Of course, shochu is lighter than vodka's usual 80 proof. Like vodka, it can be produced in many ways, and many people are doing so, with more than 600 shochu distilleries in Japan. Shochus can be made from five base ingredients: mugi (barley), satsumaimo (sweet potato), kome (rice), soba (Japanese buckwheat) and kokuto (brown sugar). Before shochu is distilled, its production process is similar to that of sake in that koji, or mold spores, are used to start fermentation. The type of koji is another major factor in shochu's taste, and there are three: White koji creates a fruitier and gentler spirit, black koji creates a more robust taste, and yellow koji is somewhere in between.

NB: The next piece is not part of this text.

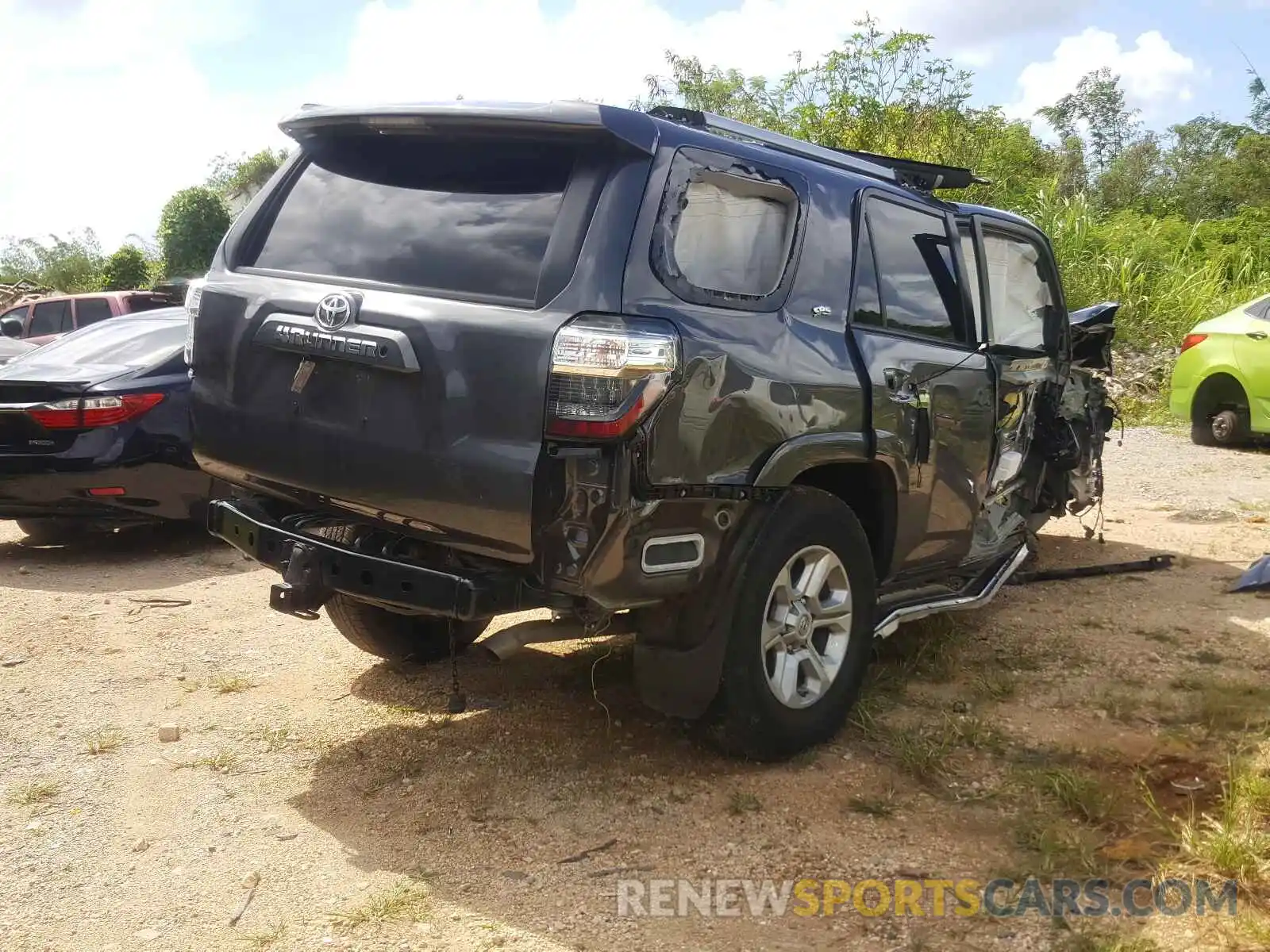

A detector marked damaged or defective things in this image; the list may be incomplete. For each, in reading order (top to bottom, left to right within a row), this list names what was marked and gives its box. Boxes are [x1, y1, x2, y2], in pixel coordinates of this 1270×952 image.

The highest-quality shochu, called honkaku ("authentic"), is single-distilled. In fact, the single distillation, at very low proof, is really what gives shochu its unique aromas and flavors. Once you start distilling shochu more than one time, it becomes ... well, like vodka.
Still following along? If not, don't worry. "It is so confusing, and it is very difficult to find information on this stuff," Stover says. Adding to the confusion is the fact that in New York and California, shochu is sometimes relabeled "soju" - a different spirit altogether, from Korea - to take advantage of loopholes that exempt soju from liquor regulation.
My recent interest in shochu was piqued by "Japanese Cocktails" (Chronicle), a new book by Yuri Kato, who is the founder of the website Cocktail Times. The author discusses how "the image of shochu has drastically changed" in recent years as the spirit has grown popular, particularly among Japan's young and hip. At one point in the past decade, shochu sales in Japan even surpassed sake sales. Before then, shochu had been considered an old fogies' drink. In fact, an elder named Shigechiyo Izumi (1865-1986), who in the 1980s became the oldest living person in the world at 120-plus, claimed that the secret to his longevity was the brown-sugar shochu he drank every day.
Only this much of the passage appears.